Para Alexino, as práticas jornalísticas pararam no tempo, uma vez que a cobertura das notas diárias é feita sem a devida reflexão. Ele crítica o modelo ao dizer que a enxurrada de notícias cria uma paralisia. “As pessoas assistem o jornal televisivo e não conseguem dizer quais notícias foram apresentadas. Precisa-se pensar se o jornalismo está contribuindo para a mudança da realidade”, ponderou.
COBERTURA JORNALÍSTICA NA AMAZÔNIA
O professor criticou a cobertura sobre a Amazônia. Ele explicou que a impressão que se tem é de que a impressa atua, em alguns casos, de forma publicitária, por exemplo, a biopirataria versus indústria farmacêutica é pouco abordado, quando ocorre é de forma pontual.
As realidades socioeconômicas e culturais dos povos indígenas, conforme o professor,aparecem de forma folclórica. “Nas reportagens nacionais sobre naufrágios no rio Regro as pessoas não têm nome, identidade. Elas não farão falta.
Na cobertura do acidente aéreo da Tam, em São Paulo, ocorre o contrário. Por que a Amazônia é considerada estrangeira ao próprio país?”, questionou.
Atuação da FAPEAM na divulgação científica
A Fundação de Amparo à pesquisa do Estado do Amazonas (FAPEAM), destacou Alexino, atua de forma decisiva na divulgação científica da região. Ele disse que o trabalho do Departamento de Comunicação da Instituição deve continuar e mostrar para os jornalistas do Sul e do Sudeste que a Amazônia também é Brasil.
Para o jornalista e diretor-chefe da revista Novo Ambiente, Edemar Gregório, a cobertura de temas amazônicos está relacionada com a confiabilidade das fontes. Os repórteres também são orientados a não interferir no fato. Ele criticou que o problema está somente na cobertura do factual, pois temas relevantes tendem a não serem explicados à sociedade.
“Os jornalistas são orientados a coletar o máximo de informações. As matérias são realizadas em loco, bem como as fotos produzidas pelos repórteres fotográficos. A geração de hoje não tem ideia do que é fazer jornalismo sem internet. O resultado é o descaso com o público e, consequentemente, com a qualidade da matéria”, salientou.

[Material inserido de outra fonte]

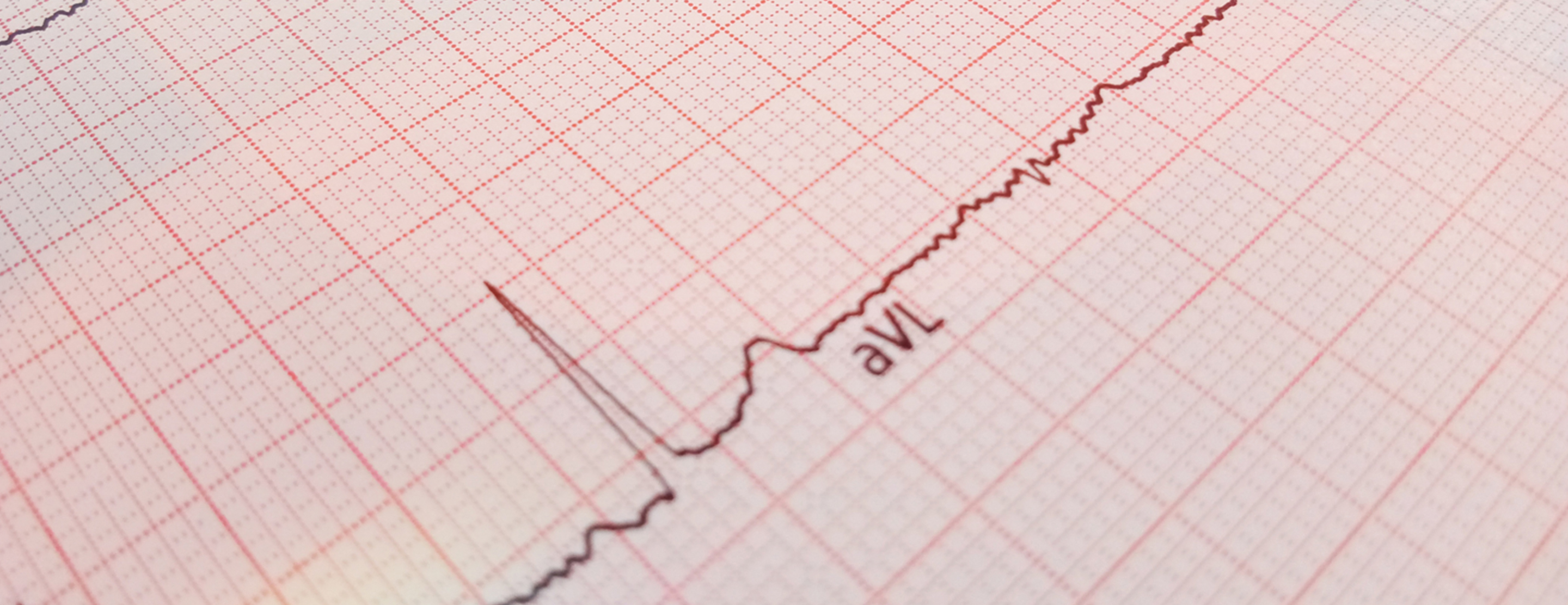 Electrocardiogram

A jornalista e professora da Universidade Federal do Amazonas (Ufam), Mirna Feitoza, moderadora da mesa, afirmou que a cobertura jornalística internacional envolve o global, o local e o regional. O reflexo é sentido nas matérias de CT&I e meio ambiente do Amazonas, do Brasil e do mundo. Ela explicou que o olhar sobre os fatos, por exemplo, do repórter que mora na capital sobre o município se torna estrangeiro. Na prática, o profissional também exclui os povos amazônicos, apesar de ser amazônico.
“Parece que o modelo atual de jornalismo se esgotou. A floresta, paradoxalmente, apresenta-se como uma solução. A prática jornalística não é mais isolada, pois todos têm acesso à internet, celulares, câmeras. O corresponde nos municípios amazônicos também se tornam internacionais”, finalizou.
No evento, também foi abordado o painel sobre “A repercussão das notícias da Amazônia no exterior sob a ótica de quem faz notícia”, com apresentação do jornalista da Globonews em Londres, Sílio Boccanera, que atua como correspondente brasileiro no exterior há mais de trinta anos. O outro palestrante foi jornalista Roberto Cattani, presidente da Associação de Correspondentes Estrangeiros em São Paulo (ACE) e diretor da Agência de Notícias da Itália – ANSA, atuando como correspondente da agência no Brasil desde 1991.
Foto1: Mesa com painelistas e moderadores do seminário.